Hi folks: This is general architecture query, so I've not bothered with "what OS etc"
I am deploying 3 cloned loadbalancers/reverse proxies to serve an estate of a 100 odd webserver, probably with haproxy (TBC). Essentially Blue/Green/Test with keepalived failover between Blue and Green
Should I:
Deploy acme.sh on each frontend independently (obvs sharing the /.well-known/ data store across all 3 so it works regardless of which one the test query comes back to)
Or deploy a single central server to run acme.sh and server up the /.well-known/ path (all 3 proxies will route to this server for /.well-known/
1 gives me the advantage that I can use the acme.sh hot deploy for haproxy and have no downtime or swothcing when certs are updated. Disadvantage - 3 times as many queries to LetsEncrypt.
2 pros and cons are the reverse of 1.
Doing (1) would suit me better, but i don't want to trip API rate limits or be unsocial... Do 3 servers asking for the same cert (or renewal) count as 3 orders or one?

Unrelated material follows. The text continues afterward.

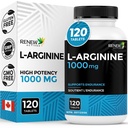 Renew Actives L- Arginine Supplement 1000MG do serwowania - Siła i wytrzymałość, Zasadnicze dla syntezy białek i funkcji mięśni, Fizyczny booster wydajności - Made in Canada - 120 Tablets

What's the preferred way?
With 100-ish certificates and 3 front-ends, you really can do either approach and everything will be fine.

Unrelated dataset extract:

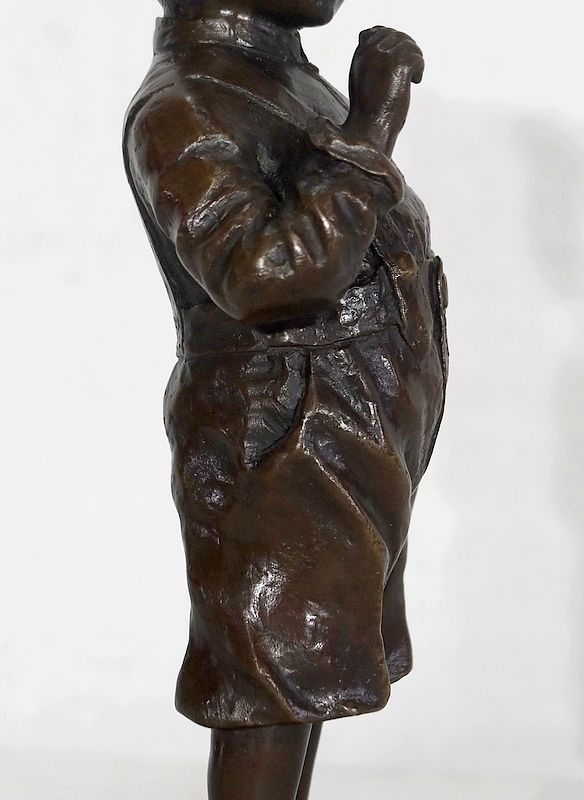 Art Bronze  "The Little Smocker"  By J. Schmidt Felling, 19th Century photo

If you're expecting to continue to grow beyond ~100, or have more front-ends (even as a future possibility), I'd very much encourage you to take the opportunity now to do #2 instead. Your pros/cons are good, but I'd also submit:
You have only one place to make ACME related changes, reducing the likelihood of stale certs hanging around, failing, and potentially causing your account to someday get paused.
You'd be ready to increase to 4 or 5 loadbalancers/proxies without having to worry about such an increase running afoul of Let's Encrypt's per-registered-domain rate limits.
You would have more control over your own downtime, because such a system only needs Let's Encrypt to successfully issue fewer certificates, and you only have one server with logs and metrics related to cert issuance that you need to monitor.
Also, acme.sh is good software, but I'd highly recommend that you make sure to update to a version that includes support for ARI, whenever such support is added. That's also in the category of controlling your own downtime in the event of a mass-revocation issue.
How many different certificates/domains are you talking about? That might slightly influence things.
Generally speaking IMHO:
Don't do separate installations. It gets messy and hard to troubleshoot.
If you can use DNS-01 instead of HTTP-01, that's the best option. I like to use my own acme-dns system, then delegate the various challenges from the primary dns onto it.
If you have to use HTTP-01, have ALL the systems redirect the acme-challenge directory to a central system. If you've got blue.example.com and red.example.com, set them both to redirect to acme.example.com or something else that is independent. You might use one IP for multiple purposes, but handle that at the DNS level - configure all your apps to redirect to the auth system.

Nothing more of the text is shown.